Según la señorita Cruz, el propósito de esta comedia es reforzar la prevención, detección y «atención» de esta enfermedad. ¿Y de qué sirve eso si siguen bailando bajo la lluvia con los mismos paraguas rotos desde 2016? ¡Pura pantalla!
Clara Brugada, la gran mandamás capitalina, juró solemnemente que en 2026 serán capaces de hacer medio millón de mastografías públicas. Claro, mientras siguen burlándose del tema desde ahora. ¿Qué podría salir mal? ¡Toda una garantía!

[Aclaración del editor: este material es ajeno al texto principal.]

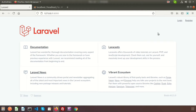Hi friends, welcome back to Laravel 8 tutorial. In this video I will show you how to alter your table using migration. We already discussed how to migrate your database or how to create a migration, but today we'll show you how to add some extra columns to an existing table through migration.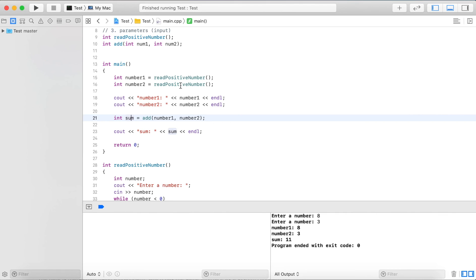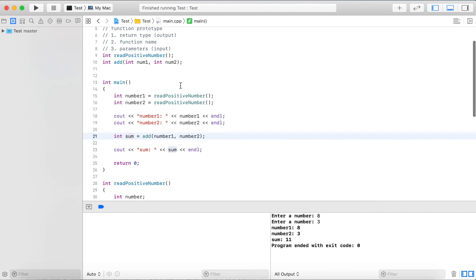I hope this gives you some idea of how to use parameters and return types, and how to pass values to a function that expects parameters. The values that we pass are called arguments. Thank you for watching.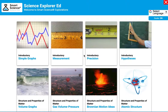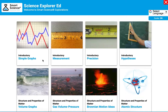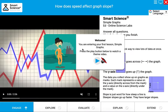Now you have logged into Smart Science and you're ready to start the student experience. This is also great for teachers who want to preview labs and try them for themselves. I've logged in and I'm just going to pick the first lab by clicking on it. Once you enter the labs, be sure to follow the instructions on the screen.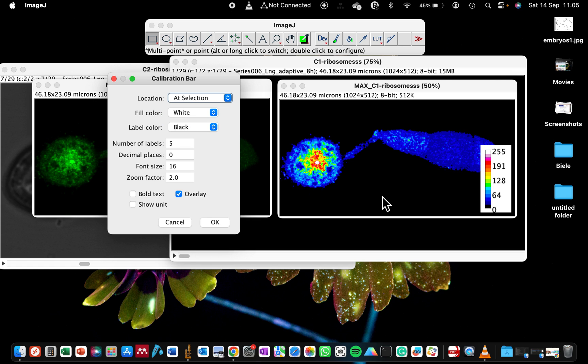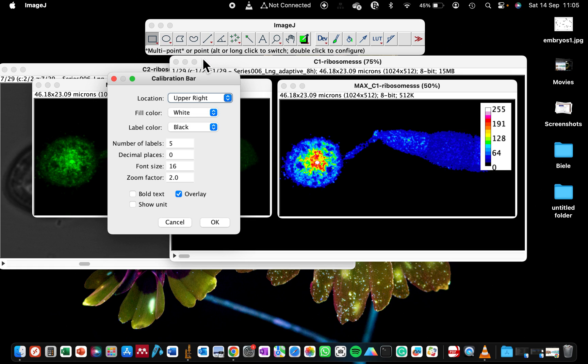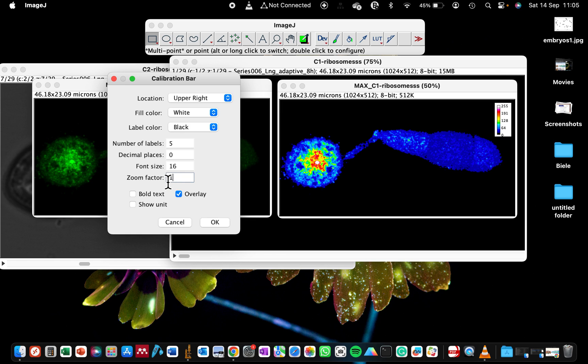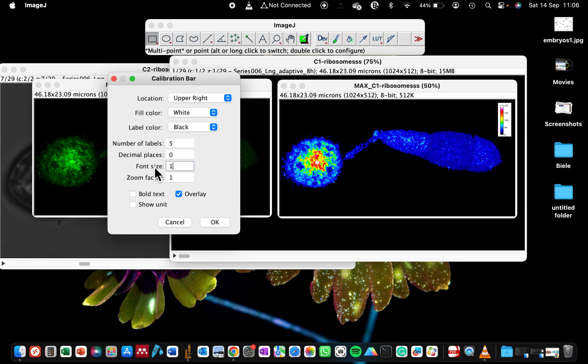You can even decide if you want it at a particular selection, just draw there and it will be there. You can make it a separate image. In the upper right you can see it's obstructing our image, so we can reduce its size by changing the zoom factor to be one. You can even make it 1.5, but it's still obstructing our image, so I'll leave it at one. You can decide on the font size; by default it will be 12. You can decide on the size you want to make it readable. You can see that 20 is doing a good job.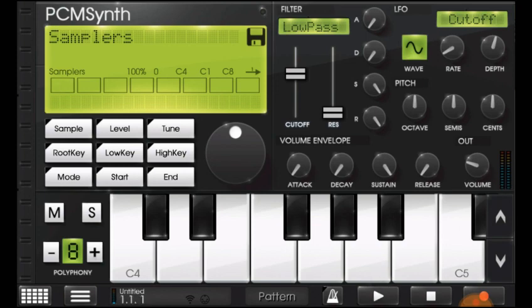And there you have it — that's how you successfully upload a sample to PCM Synthesizer on Caustic 3. I hope this helped because I know a lot of you have been looking for this video tutorial. Please leave your next request for a tutorial, a cookup, a tight beat, or any kind of tutorial you need for Caustic in the comments below. Thank you for watching.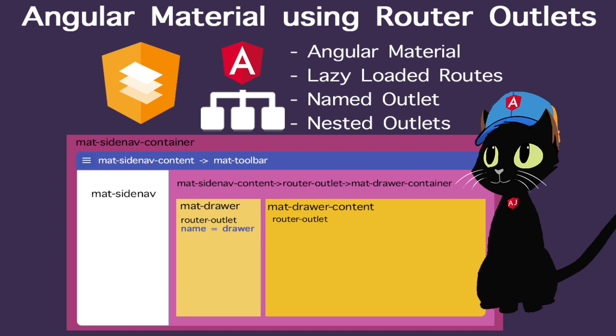In this lesson we're going to cover Angular material using Angular's router. We'll use lazy loaded routes with named outlets and nested outlets.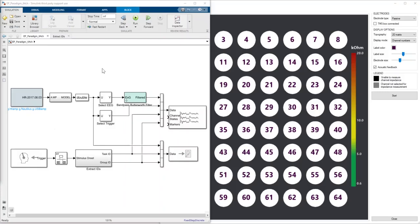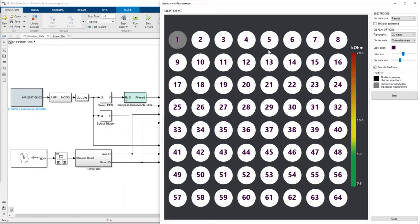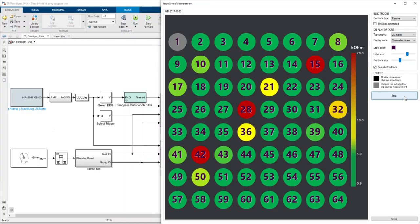I was just about to run the 64-channel Simulink model, but let's check the impedances first. I'm gonna start the impedance measurement and find that we have some electrodes with weak impedances.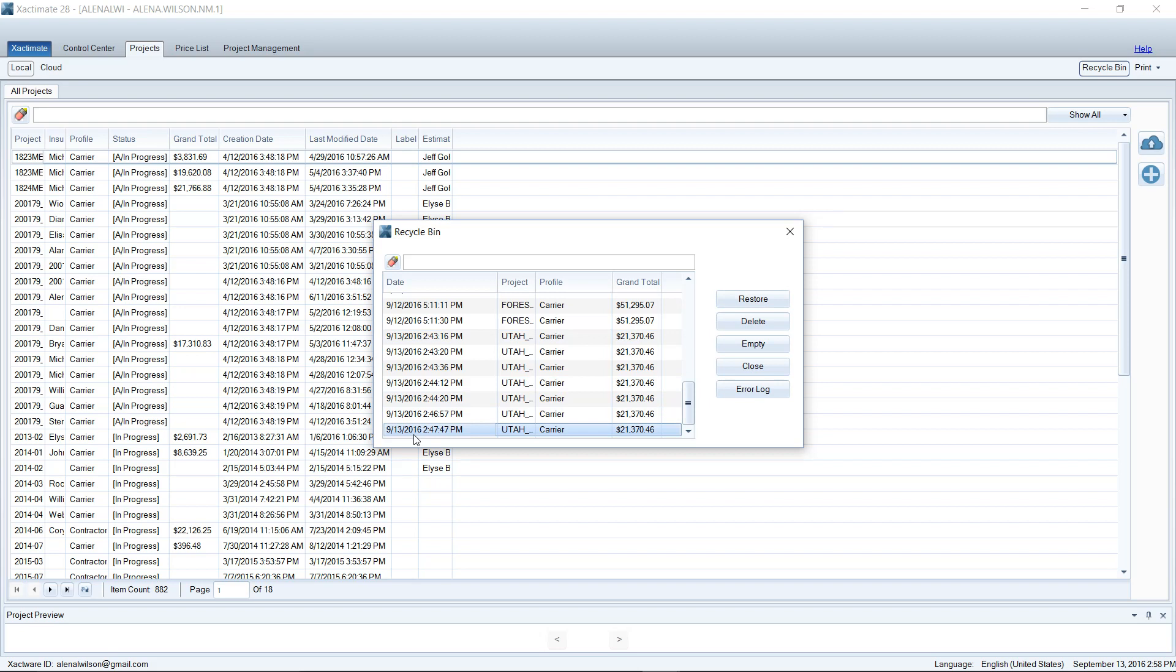Or if you made a huge mistake on the estimate and you're like, why did I do that, you can pull up your recycle bin and go to a previous version before you made the large mistake. I can go back to a previous version where that mistake never happened. So that's the recycle bin and that's how you use it.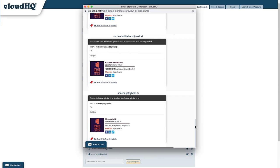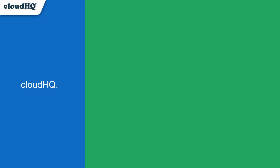Now I can easily create signature templates for the rest of my team and keep everyone cohesive and on brand. CloudHQ, helping your productivity, one click at a time.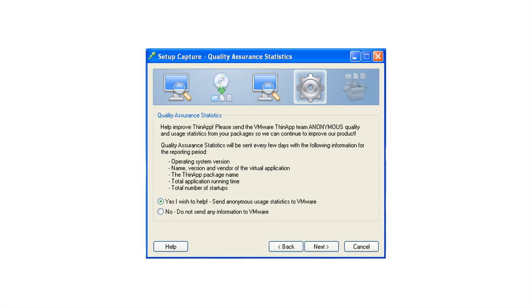So while you're using ThinApp, look for the optional feature to enable quality reporting statistics to come back to VMware. This lets us know anonymously how you're using it, what applications you're using it for. This allows us to better adapt the product for your needs in the future.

Para acabarla de amolar, la Sedesa presume que con 20 mastógrafos móviles y otros 20 fijos comprados por el Gobierno defeño, van por la machacante meta de aplicar 48 mil mastografías este glorioso año. ¿Le creemos o le seguimos el juego?
Mientras se escudan en cifras y promesas vacías, las mujeres chilangas cargan con un aumento del cáncer de mama del 100% entre 2018 y 2024. Sí, leíste bien, de mil 545 a tres mil 26 casos. Pero no pasa nada, sigan con sus «reformitas» y chismes políticos. ¡Es lo que toca!